#### [Task brief]
Print the lines that run from the line with "Belle femme mature" to the line with "May include: Dark", keeping both end lines, exactly as they appear in the entries below, and nothing else.

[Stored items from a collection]
===============
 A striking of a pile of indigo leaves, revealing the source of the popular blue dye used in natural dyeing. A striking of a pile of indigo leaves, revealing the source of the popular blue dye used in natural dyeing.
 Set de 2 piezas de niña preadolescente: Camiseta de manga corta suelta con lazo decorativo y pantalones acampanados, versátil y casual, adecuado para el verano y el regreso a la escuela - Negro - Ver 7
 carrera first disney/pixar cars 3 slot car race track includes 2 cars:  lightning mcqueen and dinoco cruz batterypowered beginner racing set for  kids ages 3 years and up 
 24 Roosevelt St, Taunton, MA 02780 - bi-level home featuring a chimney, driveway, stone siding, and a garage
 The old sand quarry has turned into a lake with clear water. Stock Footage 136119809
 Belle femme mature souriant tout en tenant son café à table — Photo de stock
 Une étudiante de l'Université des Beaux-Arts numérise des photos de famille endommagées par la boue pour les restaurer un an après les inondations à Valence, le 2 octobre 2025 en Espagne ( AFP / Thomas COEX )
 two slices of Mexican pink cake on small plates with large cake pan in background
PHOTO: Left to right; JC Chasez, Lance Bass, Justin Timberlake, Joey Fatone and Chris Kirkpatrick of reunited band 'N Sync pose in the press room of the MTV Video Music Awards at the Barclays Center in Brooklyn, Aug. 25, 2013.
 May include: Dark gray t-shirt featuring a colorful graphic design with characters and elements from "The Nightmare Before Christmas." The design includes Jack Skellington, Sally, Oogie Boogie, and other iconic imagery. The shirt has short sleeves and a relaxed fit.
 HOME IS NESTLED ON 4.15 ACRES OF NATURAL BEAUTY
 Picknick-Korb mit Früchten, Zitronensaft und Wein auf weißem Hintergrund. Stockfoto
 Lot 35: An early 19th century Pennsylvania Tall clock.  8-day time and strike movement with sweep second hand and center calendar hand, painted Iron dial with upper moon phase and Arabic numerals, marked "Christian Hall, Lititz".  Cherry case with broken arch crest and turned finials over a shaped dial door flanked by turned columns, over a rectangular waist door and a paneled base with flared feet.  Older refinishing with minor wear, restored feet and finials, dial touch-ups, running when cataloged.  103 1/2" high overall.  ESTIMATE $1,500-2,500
===============
#### [Output for this task]
 Belle femme mature souriant tout en tenant son café à table — Photo de stock
 Une étudiante de l'Université des Beaux-Arts numérise des photos de famille endommagées par la boue pour les restaurer un an après les inondations à Valence, le 2 octobre 2025 en Espagne ( AFP / Thomas COEX )
 two slices of Mexican pink cake on small plates with large cake pan in background
PHOTO: Left to right; JC Chasez, Lance Bass, Justin Timberlake, Joey Fatone and Chris Kirkpatrick of reunited band 'N Sync pose in the press room of the MTV Video Music Awards at the Barclays Center in Brooklyn, Aug. 25, 2013.
 May include: Dark gray t-shirt featuring a colorful graphic design with characters and elements from "The Nightmare Before Christmas." The design includes Jack Skellington, Sally, Oogie Boogie, and other iconic imagery. The shirt has short sleeves and a relaxed fit.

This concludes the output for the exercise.